Elsa (Idina Menzel) was born with sorcery that allows her to manipulate ice. While playing in one of the vast ballrooms in their family home Elsa accidentally hurts her younger sister Anna (Kristen Bell). Their mother and father, the queen and king of Arendelle, seek help from the wise and magical trolls that inhabit part of their kingdom to help cure Anna. The trolls help heal Anna but warn the king and queen that without the proper control Elsa’s magic will become dangerous. To protect both their daughters they decide to lock the gates to the outside world and Elsa refuses to see Anna in the fear that she will hurt her again. When Elsa comes of age she is crowned queen and Anna finally gets to see her sister again. Despite looking poised Elsa is still fighting to restrain her power. When she becomes upset at the coronation ball her control is lost and she covers the kingdom in a seemingly eternal winter. It is now up to Anna to seek out her sister. With the help of ice salesman Kristoff (Jonathan Groff), his reindeer Sven and an enchanted snowman named Olaf (Josh Gad) hopefully Anna can bring summer back to Arendelle.
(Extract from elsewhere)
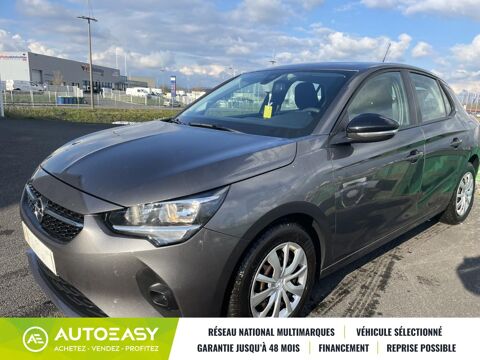 Opel Corsa 1.2 i 16 V S&S 75 CV EDTION 2020 occasion Limoges 87280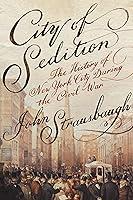 Algopix Similar Product 16 - City of Sedition The History of New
As the title suggests Disney’s Frozen involves a lot of snow and ice. This point would be asinine if it were not for the fact that Frozen is an animated film. Ice, in fact any form of water frozen or not, is incredibly difficult to animate well. Disney’s animation team have developed a winter so beautifully detailed that I am surprised anybody in Arendelle wishes for it to disappear. When Elsa runs to the mountains to escape her coronation she creates a striking ice palace during the song ‘Let it Go’. This is a stunning piece of animation as the conjured ice realistically cracks and shines while being constructed into a building. Only one aspect of the Frozen’s design was bothersome. When watching, it was difficult not to notice that Elsa and Anna look extremely similar to Rapunzel in Disney-animated Tangled. I personally like the look of these characters and understand that this is obviously a signature look for the new Disney animated films; however, if all young women are to look the same in future films it may become tiresome.
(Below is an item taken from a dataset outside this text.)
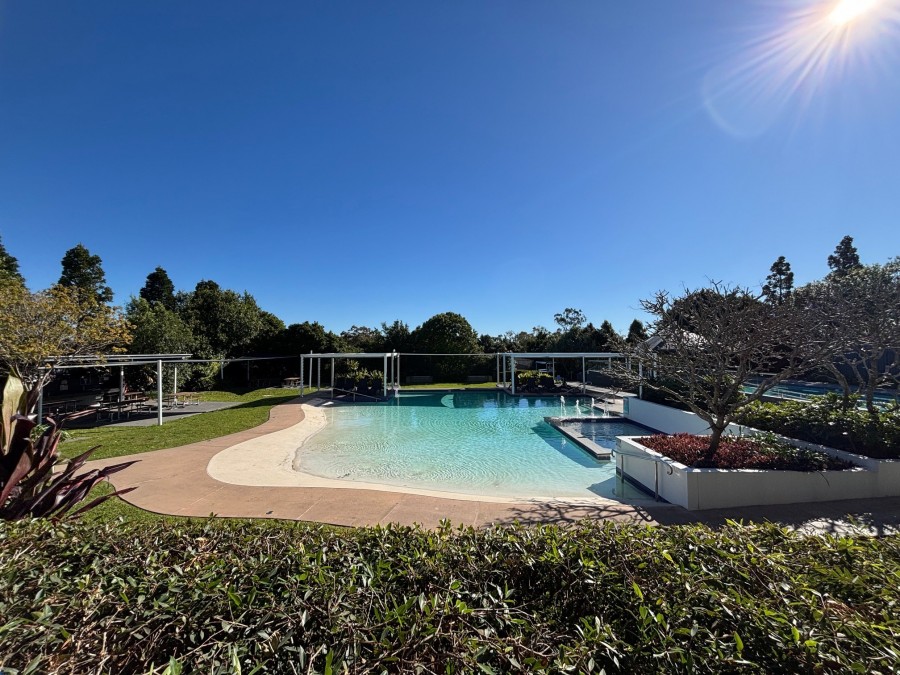 Real Estate in Rochedale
Despite looking similar to Rapunzel, Elsa and Anna’s personalities are intelligently designed not to mimic Tangled. The personalities of the sisters are brilliantly written by Jennifer Lee and distinctive from all the other princesses that have come before them. I found it effortless to empathise with the strong and determined Elsa as she struggles to keep her power under control to protect her sister. However, I doubt whether anybody who watches Frozen will not fall in love with the enthusiastic Anna. The supporting characters were as well-developed and charming as Anna and Elsa. Kristoff’s relationship with his reindeer Sven was one of the highlights of the film. And Olaf the snowman, in traditional Disney form, was a cute and hilarious sidekick. It was refreshing to watch an animated film focus on a relationship between two sisters. In the end it is Anna’s true love for her sister that helps her save the day. I must also applaud the voice actors, especially Kristen Bell as Anna, as they made their character truly come to life.
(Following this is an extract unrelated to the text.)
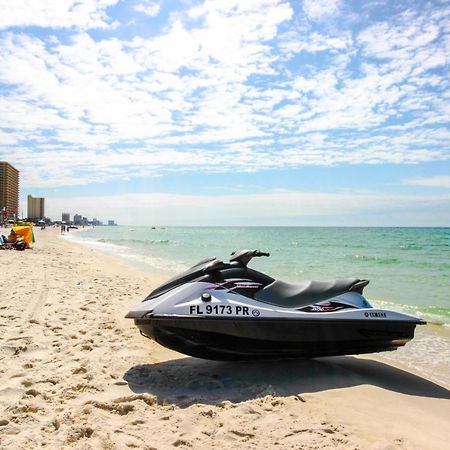 Top Of The Gulf 809 Panama City Beach Ngoại thất bức ảnh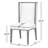 Abarne Temara Upholstered Dining Chair-1120388853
Christophe Beck wrote a Disney-worthy score for Frozen. ‘Let It Go’ sung by Elsa is the song that has become extremely popular since the release of Frozen. It is a truly beautiful song and compliments the screenplay perfectly (Idina Menzel could sing anything and it would sound amazing). However, as strange as it may seem, my favourite song of the film is not sung by any of the main characters. The first thing the audience hear at the beginning of Frozen is men singing in chorus, cutting down into a frozen lake to produce blocks of ice. The song they are singing is named ‘Frozen Heart’. This song is powerful and a perfect introduction into the arctic winters of Arendelle.
Disney’s Frozen, simply and stereotypically put, was enchanting.